Success has many fathers, they say, and failure is an orphan. Like all such sayings, there is at least an element of truth in that.

Find someone in Limerick who isn’t claiming that they predicted greatness for Cian Lynch, Kyle Hayes and Gearoid Hegarty when they were still in nappies. In contrast, Dessie Farrell, who won the All-Ireland with Dublin last year, has few public backers.

There are inklings that no one in the Department of Agriculture is keen to claim authorship of the line in the proposed suckler scheme that would effectively cap the herd of any participants.

It’s hardly a surprise. The level of farmer anger is much higher over this measure than any potential cuts in direct payments that might ensue should the CAP reform proposals go through.

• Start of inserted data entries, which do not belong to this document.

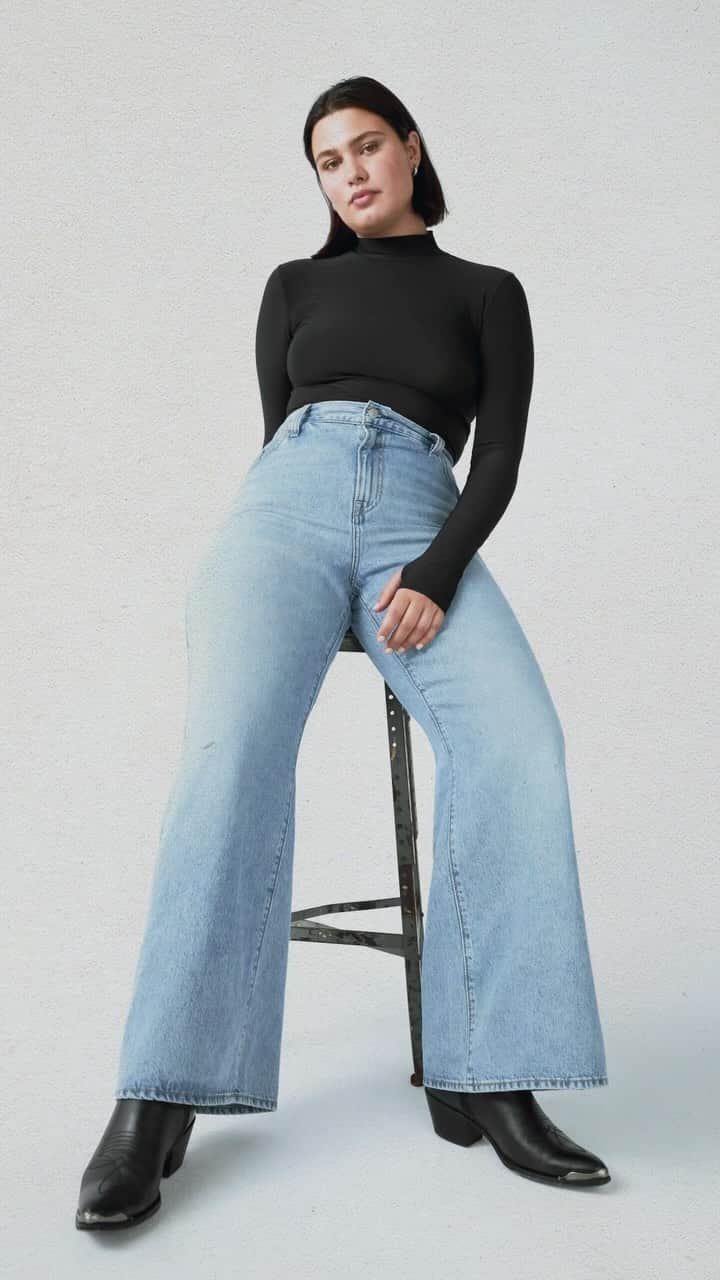 Levi’sのインスタグラム：「Introducing the Ribcage Wide Leg. Have you experienced the wonder of the Ribcage? Now’s a good time, with this new wide leg in our highest ever high-rise jeans. Meaning: Legs. For. Miles. Choose from four denim washes and a full size range. Go looong and go wiiide.  Shop our Ribcage Wide Leg via stories + link in bio.」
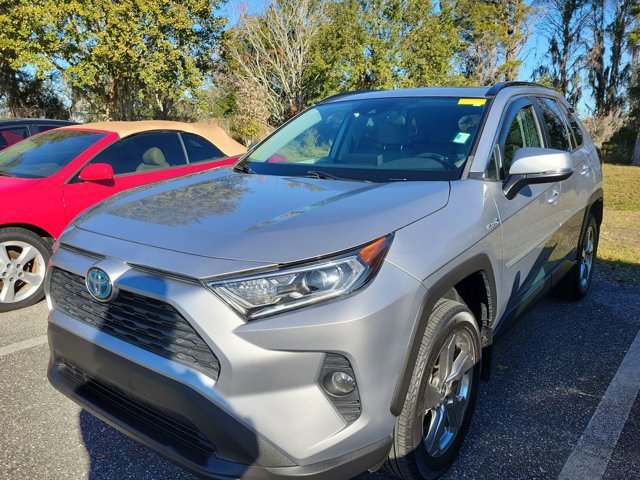 Used 2021 Toyota RAV4 XLE Premium image 8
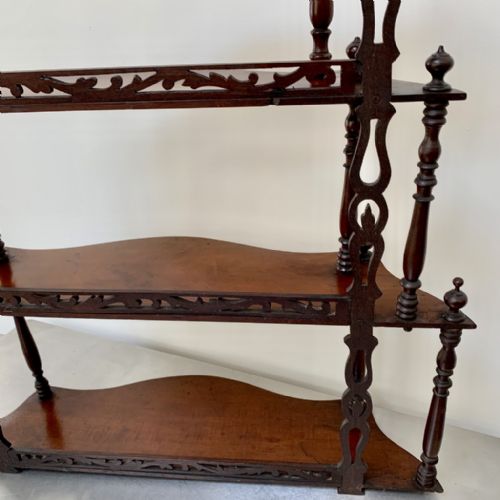 FINE SET OF FREESTANDING OR HANGING SHELVES IN MAHOGANY - ADDITIONAL PHOTO 10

And that in itself is understandable. The CAP proposals are complex and contain so many variables that it’s not easy for farmers to clearly see the likely effect on their payment.

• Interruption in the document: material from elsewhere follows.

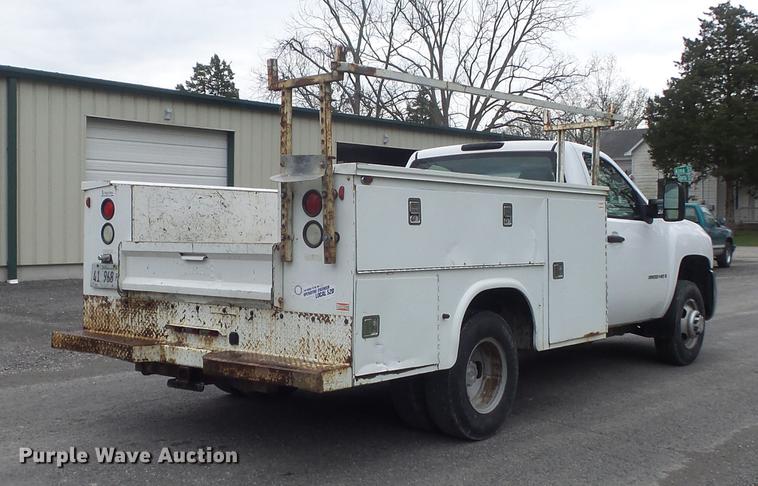 image for item DC7335 2007 Chevrolet Silverado 3500HD utility bed pickup truck
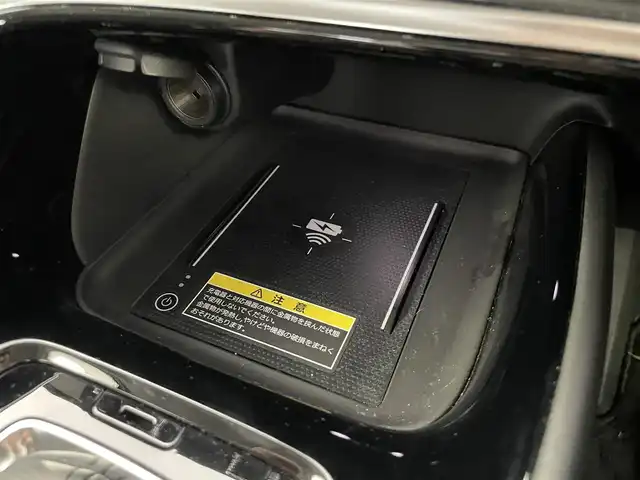 ホンダ ヴェゼル ハイブリッド e:HEV Z 群馬県 2022(令4)年 1.7万km プレミアムサンライトホワイトパール 純正9インチディスプレイオーディオ＋ETC2.0/(AM/FM/Bluetooth/フルセグTV//USB/AppleCarPlay/AndroidAuto)/ワイヤレス充電器/＝＝＝＝＝＝/バックモニター/ブラインドスポットインフォメーション/親水/ヒーテッドドアミラー/電熱線入りフロントウィンドウ/ハンズフリーアクセスパワーテールゲート(予約クローズ機能付)/Honda SENSING/ ・衝突軽減ブレーキ/近距離衝突軽減ブレーキ/ ・誤発進抑制機能/後方誤発進抑制機能/ ・歩行者事故低減ステアリング/ ・路外逸脱抑制機能/ ・渋滞追従機能付アダプティブクルーズコントロール/ ・車線維持支援システム/ ・トラフィックジャムアシスト/ ・先行車発進お知らせ機能/ ・標識認識機能/ ・オートハイビーム/ ・パーキングセンサーシステム/パドルシフト/前席シートヒーター/ステアリングヒーター/純正前後方ドライブレコーダー/電動パーキングブレーキ/オートブレーキホールド/プッシュスタート/スマートキー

In contrast, the suckler scheme cap is a single issue, and an emotive one.

Added to that is the fact that the farm organisations were, they all say, blindsided by this little hand grenade. Having run through the details of the proposed suckler scheme at a stakeholder meeting back in May, they say they were given less than an hour to peruse the final document before it went public on a Friday evening on a bank holiday weekend. It’s no wonder this change slipped an initial appraisal of what was a meaty document.

Broke the story

The first many of the senior representatives of suckler farmers across the farm organisations knew of the proposed cap was when Darren Carty broke the story on the Irish Farmers Journal website.

It was a slow train coming, with understanding of the cow cap and anger around it building in advance of the meetings.

While the town hall meetings were a much more antiseptic atmosphere compared to a packed hotel room of farmers looking for answers, there still was heat.

It was Valerie Woods and Maria Dunne who fielded the contentious questions, and explained the context of the proposal. Of course, nobody was accusing either of them of being the author.

Now, rumblings are reaching my ears that it came from outside the Department altogether, perhaps from the Department of Public Expenditure and Reform. There’s no such thing as a free lunch where Paschal Donohoe is concerned, goes the narrative.

So if no one wants to own this baby, is it a failure already?